The general consensus: Green was wrong for going so hard at Durant instead of having a hard-but-civil conversation, and Green was wrong for when he decided to address this situation — in the middle of a game they were trying to win. Green admitted as much to Curry and several believe he would have (and still will) cop to that. But the general consensus also is that Green’s concerns about how Durant has handled free agency weren’t off base.

Durant’s teammates have made it clear privately they aren’t on board for another Please-Stay-KD tour. And Durant has said he doesn’t want to be recruited. But the decision to suspend Green publicly seems to be a signal from management that they do care about recruiting Durant.

Management is holding fast to its stance that Green crossed a line that can’t be crossed. Some say it’s just “Draymond being Draymond.” At least two said he did go too far, attacking his teammate personally. One player was even concerned that Green may have lost his authority in the locker room, the berating was so over-the-top.

“With what was said, there is already no way Durant is coming back,” one player said. “The only hope is that they can say this summer, ‘See, KD. We’ve got your back. We protected you from Draymond.’ ”

Of course, Green now has to be wondering who is protecting him. He is the one committed to the Warriors and who has given everything. He is the one who has declared he wants to stay with the Warriors. He was one of the founders of this dynasty and he built it with the same fire that scolded Durant on Monday. And they know who he is. They know it’s only a matter of time before he owns up and makes amends. Why was this time so unbearable? Why was this offense the final straw?

If Green loses out in the power struggle with Durant, who can win outside of Curry?

It’s hard not to wonder how Green and Kerr, who have such a volatile history of love and hate, get through this. It must be measured how deep the crack is in Green’s allegiance to the Warriors now that Myers, who with Curry is Green’s biggest supporter in the franchise, has signed off on this stance.

Is this a referendum on Green? If so, did they just lose him — if not physically yet, spiritually? Did they just signal to him he’s the All-Star they are willing to part with, and does that quench his fire for the Warriors?

What if Durant decides to leave in free agency and Green wants out? Do the Warriors make a trade to head off that potential outcome?

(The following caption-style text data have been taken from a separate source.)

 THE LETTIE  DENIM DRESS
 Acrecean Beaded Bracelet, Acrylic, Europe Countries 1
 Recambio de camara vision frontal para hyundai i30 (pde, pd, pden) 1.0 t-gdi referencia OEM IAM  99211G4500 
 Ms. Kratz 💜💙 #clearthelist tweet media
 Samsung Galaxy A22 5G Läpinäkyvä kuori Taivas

Divides have been created that now must be repaired. The relationship between Green and Durant is rubble and needs to be rebuilt. The relationship between Green and management seems to be similarly in shambles, but it has been before and perhaps can be spared again. Then there is the relationship between the Warriors and Durant, who is probably sour on the whole Warriors experience now, and how that impacts the rest of the season.

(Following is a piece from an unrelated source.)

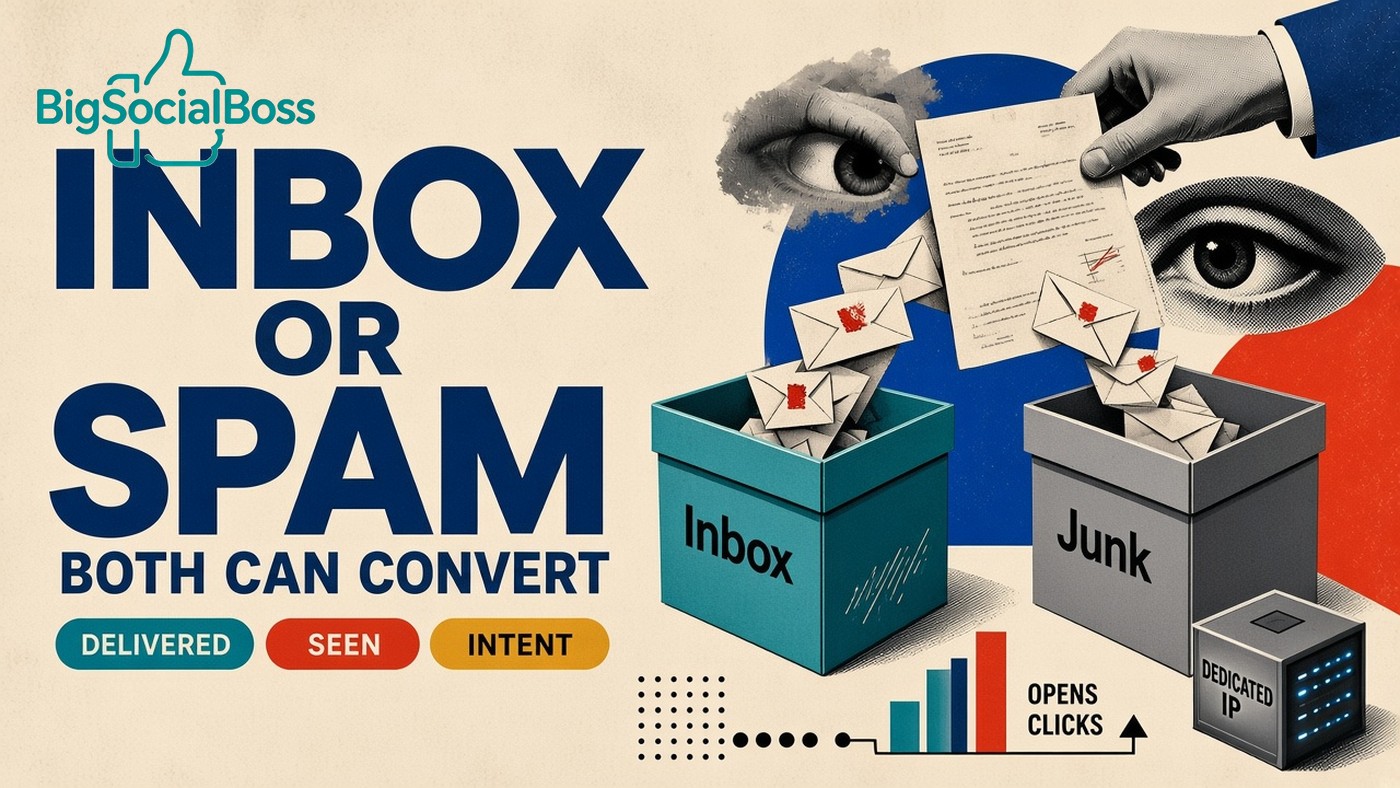 No Global ESP Can Guarantee the Inbox: Spam Is Still Delivery—What Matters Is Being Seen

This isn’t a situation that will just blow over. Teammates are at odds and, forced to or not, management appears to have chosen a side. The only answer is another championship.

One player is certain Durant and Green can co-exist because neither wants to be the reason they don’t win. The Warriors just might have enough talent to overcome resentment and bitterness in their midst.

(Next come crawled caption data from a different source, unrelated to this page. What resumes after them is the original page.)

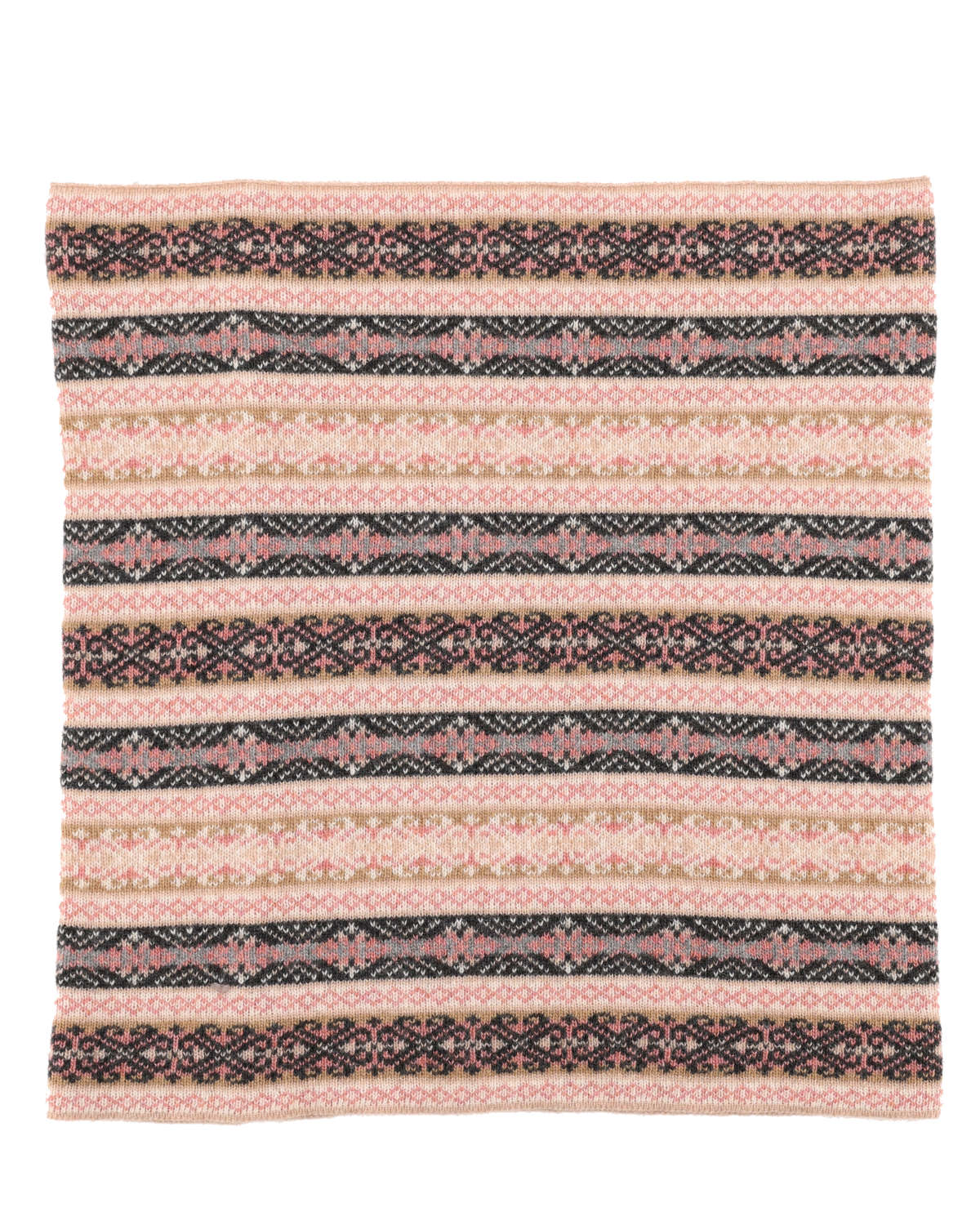 Cashmere Blend Fairisle Snood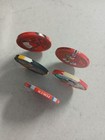   5-jai Alai Casino Chips   Lot Of 5  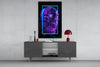 Skull Glass Wall Art by Insigneart USA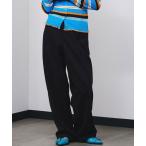  тренировочный брюки джерси TUCKED WIDE-LEG SWEATPANTS женский 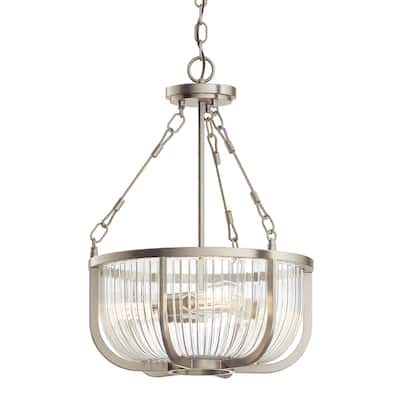 Kichler Roux 3 Light 16" Wide Pendant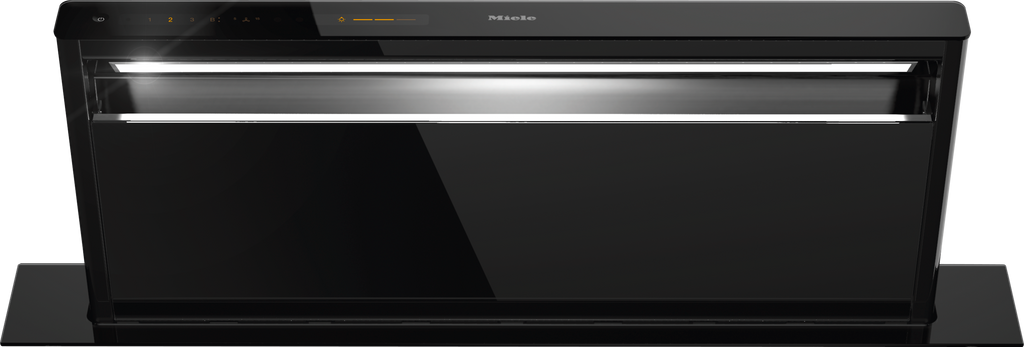 Výsuvný odsávač par Miele DAD 4841 Black Levantar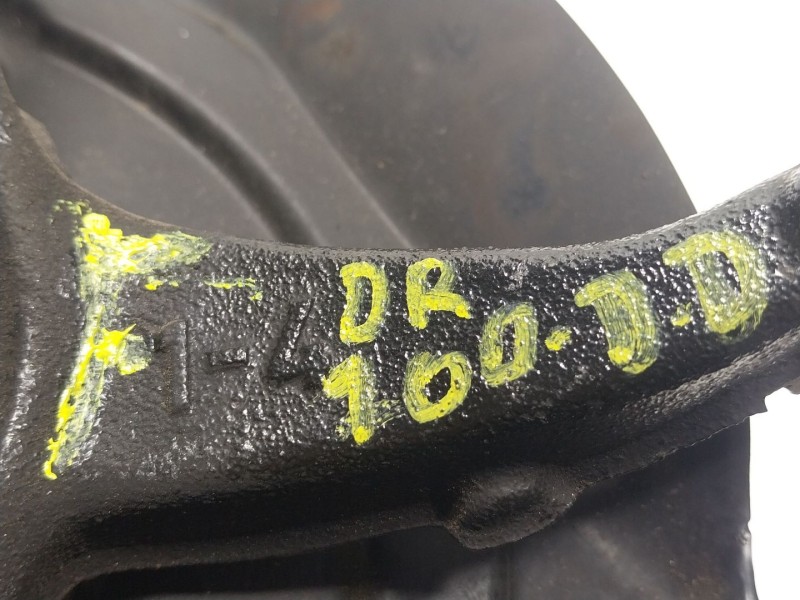 Recambio de mangueta delantera derecha para seat arona (kj7, kjp) 1.0 tsi referencia OEM IAM 2Q0407256AD  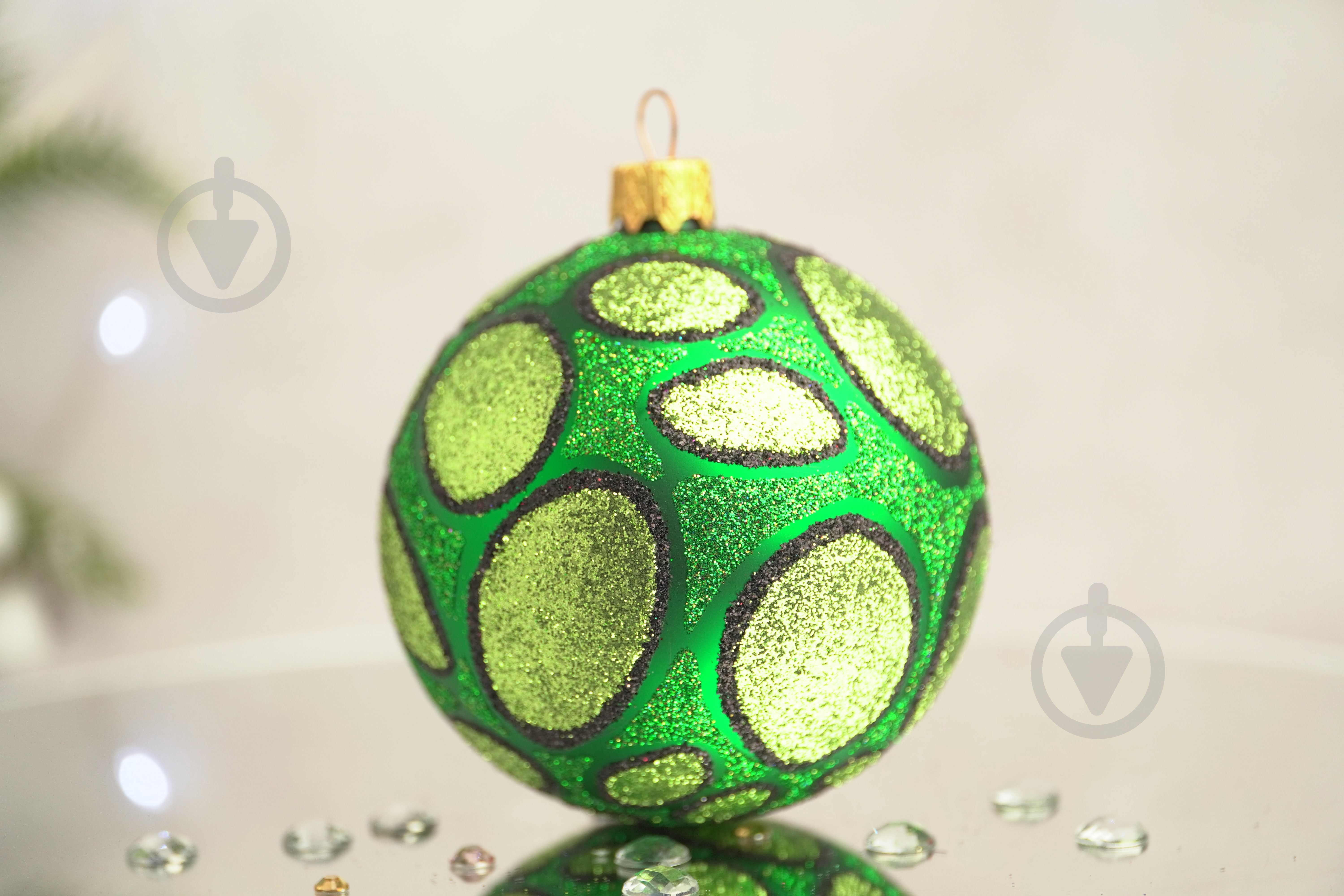 Набор елочных шаров Сафари d 85 мм 5 шт./уп. - фото 14 Набор елочных шаров Сафари d 85 мм 5 шт./уп. - фото 14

The question is whether anyone has words powerful enough to bridge chasms now permanent.

In the middle of the visiting locker room at Staples that night, as voices rose with the tension, an unlikely source stepped up and re-shifted the focus of the defending champions.

It wasn’t Curry. He wasn’t with the team in Los Angeles thanks to a groin injury. It wasn’t Green, the spark of the drama. It wasn’t Durant, who fumed in silence while the Warriors conversed heatedly amongst themselves.

It was Klay Thompson, the Warriors’ most carefree star, who spoke up, an occasion rare enough to turn the room down a few notches. While respected veterans Andre Iguodala and Shaun Livingston did their usual part to restore order, Thompson hit the mark as if it were a spot-up 3.

“We all want to win,” Thompson said in the locker room after the game, per accounts of people in the room. “That’s all this is about. We all want to win. I think we’re the only team that can beat us. Nobody else can beat us. So let’s go kick ass.”

Greta Van Fleek (upper mississippi sh@kedown), Wednesday, 14 November 2018 17:04 (four weeks ago) Permalink

thx!

lag∞n, Wednesday, 14 November 2018 17:11 (four weeks ago) Permalink

Aw shit dawg this is good

Wld the site get in trouble for housing all the content tho?

F# A# (∞), Wednesday, 14 November 2018 17:13 (four weeks ago) Permalink

I mean there’s always pastebin

F# A# (∞), Wednesday, 14 November 2018 17:14 (four weeks ago) Permalink

we could put on 77?

call all destroyer, Wednesday, 14 November 2018 17:16 (four weeks ago) Permalink

i mean...i think it's fine probably

Greta Van Fleek (upper mississippi sh@kedown), Wednesday, 14 November 2018 17:17 (four weeks ago) Permalink

yeah kinda doubt the athletic is out there policing things and like half this board is subscribers, ill prob become one soon based on reading the illicit good content, really its more advertising for them if anything we shd be getting affiliate benefits

lag∞n, Wednesday, 14 November 2018 17:20 (four weeks ago) Permalink

cn someone post this one next https://theathletic.com/653527/2018/11/14/durant-vs-draymond-theories-on-why-these-two-warriors-stars-are-fueding

im living for dubs drama rn

lag∞n, Wednesday, 14 November 2018 17:21 (four weeks ago) Permalink

at the very least feel like the thread should be deindexed

k3vin k., Wednesday, 14 November 2018 17:57 (four weeks ago) Permalink

yeah just deindex it*

*i don't know who would do this or how it works

Greta Van Fleek (upper mississippi sh@kedown), Wednesday, 14 November 2018 20:23 (four weeks ago) Permalink

>>> i'll post this cuz i don't like to leave my guy lagoon high n dry and thirsting for drama.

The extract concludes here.